Unlike interpolation methods, this algorithm does not attempt to approximate the underlying function using continuous functions. Instead, the algorithm is rooted in assumptions derived from information theory that allow it to work with the natural domain and range of the underlying function, facilitating extremely precise approximations of a wide variety of smooth, and discontinuous functions, all under one umbrella algorithm.

In this post, I’m going to explain how you can use the algorithm to approximate any function you’d like, and I’ll also present some data that demonstrates its performance and precision. For a full explanation as to how and why this algorithm works, see the post below entitled, “Predicting and Imitating Complex Data Using Information Theory”. In a follow up post, I’ll show how we can combine this algorithm with my image partition algorithm to construct a fast, unsupervised image recognition algorithm.

**How to Use the Algorithm**

The only thing you need in order to use the algorithm is a dataset of Matlab / Octave vectors containing the X, Y, and Z values of your function in three separate row vectors.

I’ll give some more examples below that make use of noisy data to demonstrate the versatility of the algorithm, but let’s begin with the simple linear function z = x + y + 1, evaluated along the line y = x, over the interval [-3,3].
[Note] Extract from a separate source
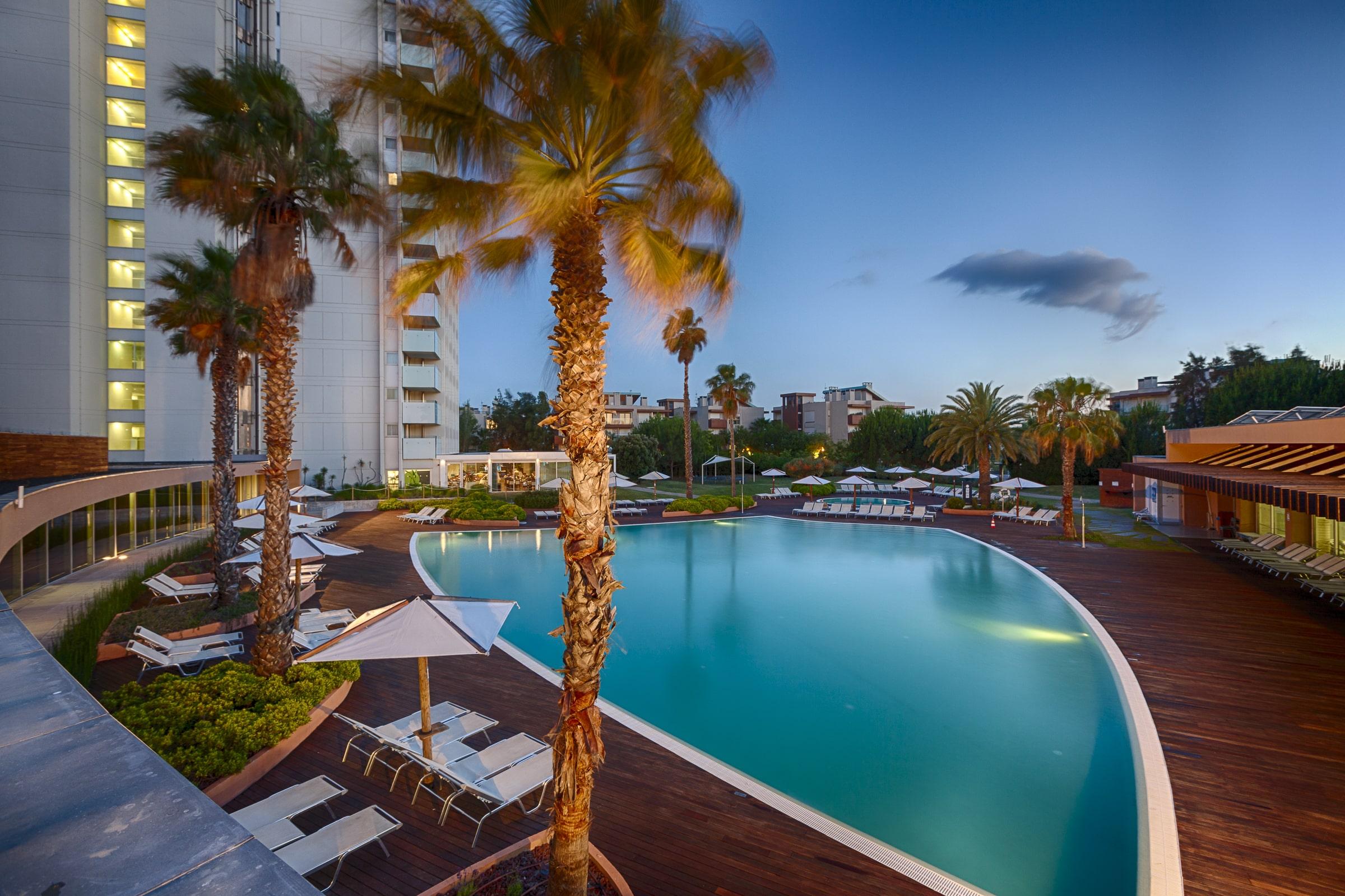 Outdoor swimming pool surrounded by sunbeds and palm trees at Troia Resort - Aqualuz Suite Hotel Apartments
First, we generate the x,y, and z vectors using the following code:

pkg load image

pkg load communications

clear x y z

x = -3 : .012 : 3;

y = -3 : .012 : 3;

z = x .+ y .+ 1;

figure, scatter3(x,y,z)

view(70,15)

The x and y vectors contain the domain values of the function we’d like to approximate, and the z vector contains the corresponding range values of the function. In this case, we’re approximating the function z = x + y + 1, but you could of course choose any function you’d like, whether or not it has a closed form expression, so long as the data is represented as three separate column vectors.

Once we’ve generated the data for the function we’d like to approximate, we can instruct the algorithm to process the data, generating a set of data trees that it will ultimately use to approximate the function.
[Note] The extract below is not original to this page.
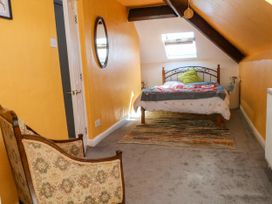 A bedroom with a bed and a chair at Ferncliffe in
This step is done using the following code:

data_array = shape_to_data(x,y,z);

[category_tree delta_tree anchor_tree] = generate_data_tree(data_array);

This is by far the most time-consuming part of the algorithm, but it is nonetheless polynomial in time as a function of the number of data points. Moreover, it’s something we’ll only need to do once, since this is the part of the algorithm that actually constructs our approximating function.
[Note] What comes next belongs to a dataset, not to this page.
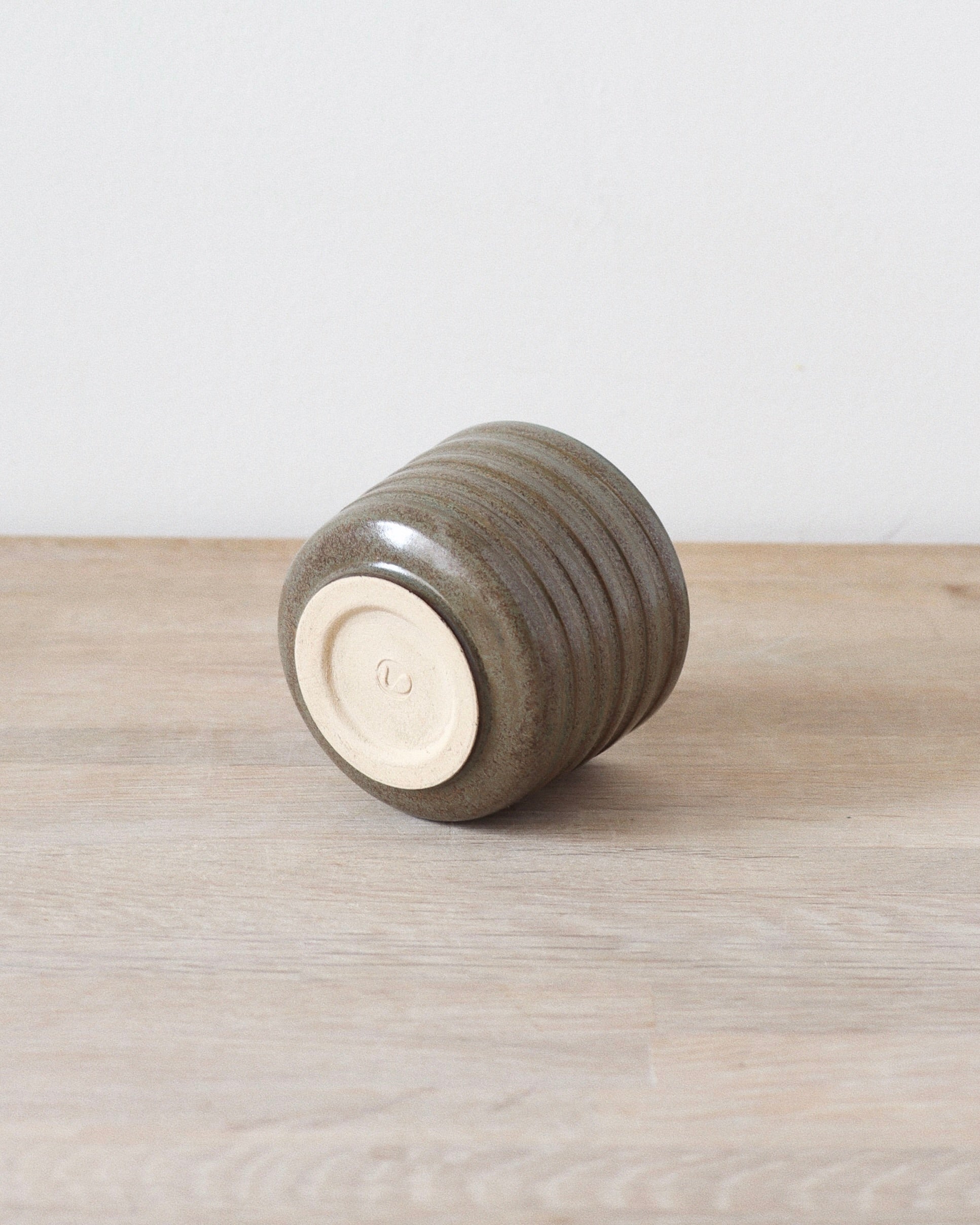 Terra Espresso Cup – handmade stoneware espresso cup with a brown, green glaze, 180 ml capacity, crafted in Amsterdam by Zeyah Ceramics.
At a very high level, what the algorithm does is construct a data tree that can be used to approximate the underlying function at certain key locations within the domain of the function that are selected by the algorithm using assumptions rooted in information theory. New points in the domain that are subsequently fed to the algorithm are then quickly mapped into the data tree, resulting in very fast and very accurate function approximations.

In the previous post, I showed that this method is so accurate that it can reproduce complex three-dimensional objects it has analyzed when subsequently given random inputs, since the algorithm can quickly discern between new data points that belong to the data set / object, and data points that do not.

Continuing with our example above, let’s begin by approximating the underlying function at the point (x,y) = [2.5 2.5], and compare it to the result given by the original function.

This is done using the following code:

new_data_item{1} = [2.5 2.5 0];

[category_index predicted_z final_delta] = predict_best_fit_tree(anchor_tree, delta_tree, new_data_item, 1, 1);

In short, the algorithm takes the new data point (x,y) = [2.5 2.5], and attempts to place it into the data tree constructed from the domain and range of the underlying function.

In this case, we have,

predicted_z = 5.9920;

The original function gives a value of z = 2.5 + 2.5 + 1 = 6, for an error of approximately 0.008.

The last two arguments to the function are toggles that determine how the prediction algorithm behaves. The first toggle tells the algorithm to ignore the input z-value, but I nonetheless always use a z-value of 0 for consistency. The second toggle must be -1, 0, or 1, and determines how much time is spent searching the data tree for a good fit for the input. In this case, I’ve set the toggle to 1, which instructs the algorithm to search the entire data tree for the absolute best fit possible, in order to maximize the precision of our approximation. This of course increases the run time of the algorithm, but since we’re trying to approximate a function, precision takes precedence, especially given that the algorithm is still very fast.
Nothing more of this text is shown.